Review: Shrewd Productions’ Small Steps

Intriguing maiden voyage for local playwright’s campy sci-fi romp

(l-r) Shannon Grounds, Trey Deason, Dane Parker, Jen Brown, and Andy Shaw in Shrewd Productions’ Small Steps (Photo by Errich Petersen)

The world’s oldest cave paintings, created at least 45,000 years ago, were recently discovered by archaeologists in Sulawesi, Indonesia. Just last year, a retired policeman from the Isle of Man found a set of mid-10th century Viking jewelry, including a gold bracelet and silver brooch.

Now Austin’s Shrewd Productions appears to have discovered a lost chapter from Ray Bradbury’s 1950 sci-fi novel The Martian Chronicles, titled Small Steps, and adapted it for the stage.

The work, which is receiving its world premiere production at Hyde Park Theatre, was actually created by local playwright Briandaniel Oglesby. Like Bradbury’s classic novel, it too chronicles the exploration and settlement of Mars by Americans leaving a troubled Earth. And like Bradbury, Oglesby douses his writing with a rich mixture of humor and hard truths about isolation, loneliness, and the search for real connection in a disconnected world.

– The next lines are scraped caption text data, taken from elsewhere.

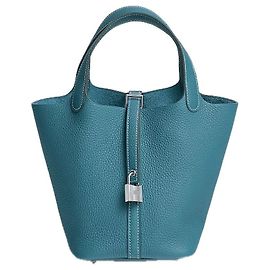 Hermès Blauer Lederhandtasche "Picotin Lock" Blau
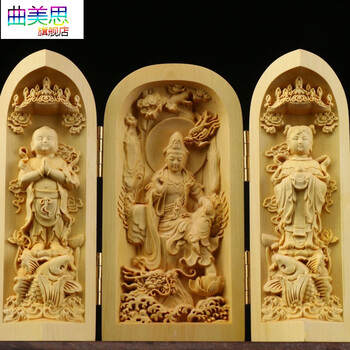 木造 極上品 仕女 黃楊木 手彫り 立像 置物 3点セット 黄杨木三圣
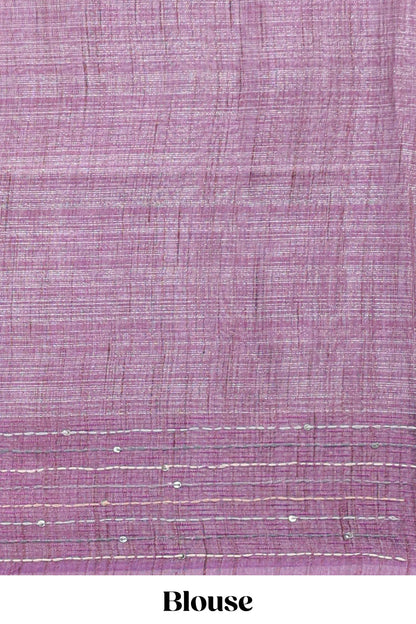 Grey floral design semi tussar saree with contrast lavender border and printed pallu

The April 1951 issue of The Magazine of Fantasy and Science Fiction – no doubt once a bedtime staple on many nightstands – referred to The Martian Chronicles as “a poet's interpretation of future history beyond the limits of any fictional form.” The same can be said for Small Steps, which embraces camp and gay culture as its form of choice and makes for a thought-provoking and fun evening’s entertainment.

Briandaniel Oglesby douses his writing with a rich mixture of humor and hard truths about isolation, loneliness, and the search for real connection in a disconnected world.
The play revolves around Skip Powers, played by an abundantly charming and thoroughly engaging Dane Parker. Skip’s a sweet young man of low self-esteem who has come to realize that no one will ever love him. Disconnected from his family, disheartened by bad experiences on gay hookup apps, and with no interest in contributing to the planet’s gene pool, Skip volunteers to go on a one-way solo trip to Mars in pursuit of greater things. NASA, it seems, has fallen on hard times and is desperate for candidates. Assorted space officials are played by the talented and fully vested Jen Brown, Trey Deason, Shannon Grounds, and Andy Shaw, who also play over a dozen other characters (costumes by Pam Friday) who cross paths with our reluctant hero.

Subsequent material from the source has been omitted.